Вру, конечно: тёплые, да не для сибирской зимы. Тома с грохотом извлекает из-под строительного хлама старый мохнатый плед и укутывает им мои ноги.
— Ну что ты со мной, прямо как с малым дитём, Томка! У меня рук что ли нет?
— Да ладно, Эдик, мне не тяжело, поди-ко, – отвечает сестрёнка с мягкой настойчивостью, и с растекающимся вверх от ступней теплом на меня снисходит блаженство; становится вдруг необычайно уютно на заднем сиденье этой тесной машинюшки, и веки внезапно начинают опускаться, словно под тяжестью пудового веса.

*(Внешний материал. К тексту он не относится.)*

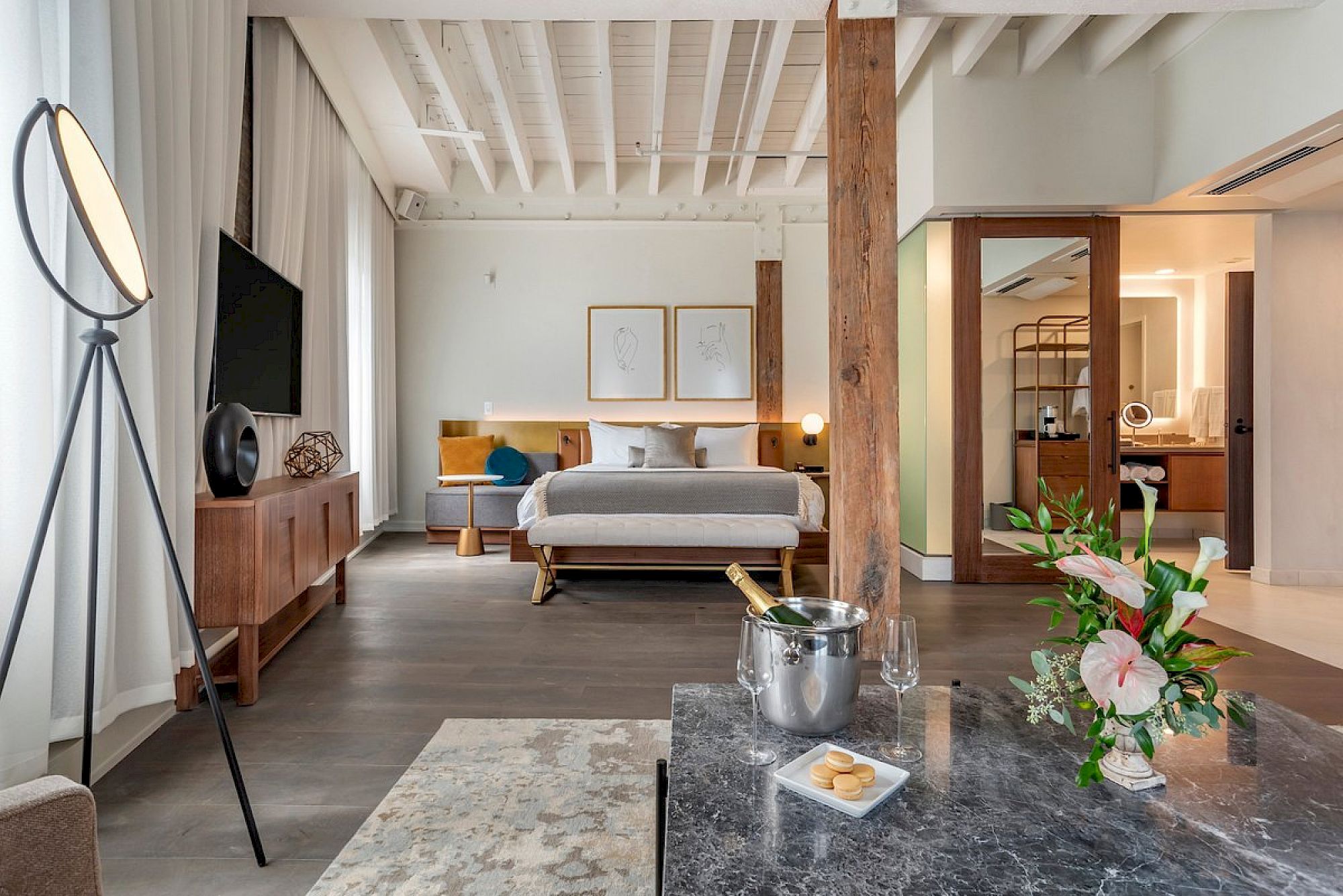 A stylish hotel suite with a king bed, modern living area, warm wood beams, a marble coffee table, flowers, and a cozy, spacious layout.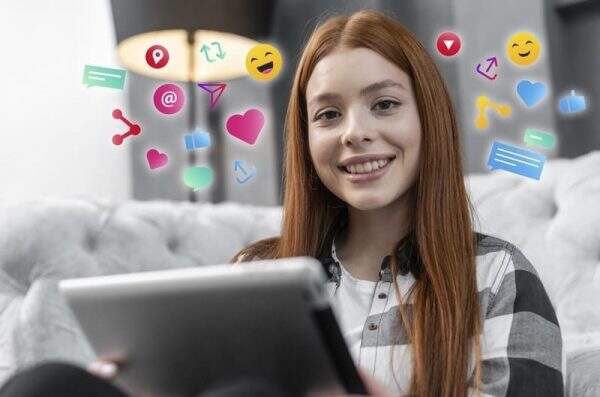 Tributação para social media - imagem de gestora de redes sociais com notebook sorrindo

Так мы и едем всю дорогу под мерный гул не совсем нового жигулёвского двигателя вперемежку с безостановочным разглагольствованием моего свояка, на периодические вопросы которого я односложно и временами, вероятно, невпопад отвечаю сквозь сладкую полудрёму. Иногда звучит раздражённый Женькин голос, увещевающий своего благоверного:
— Вот привязался с распросами что да как, баа! Прям как бАнно лист, ты смотри-ко. Человек устал с дороги-т, поди. Будет ишшо время почесать языком, Витьк! Следи, он, за дорогой-т. Гля, свезёшь нас всех в сугроб, нетО.
— ПоштО в сугроб-то! – не унимается Витька, – Я вас лучше в речке искупаю, будем мост переезжать кадА, ага. Обледенелый, дак, не удержусь.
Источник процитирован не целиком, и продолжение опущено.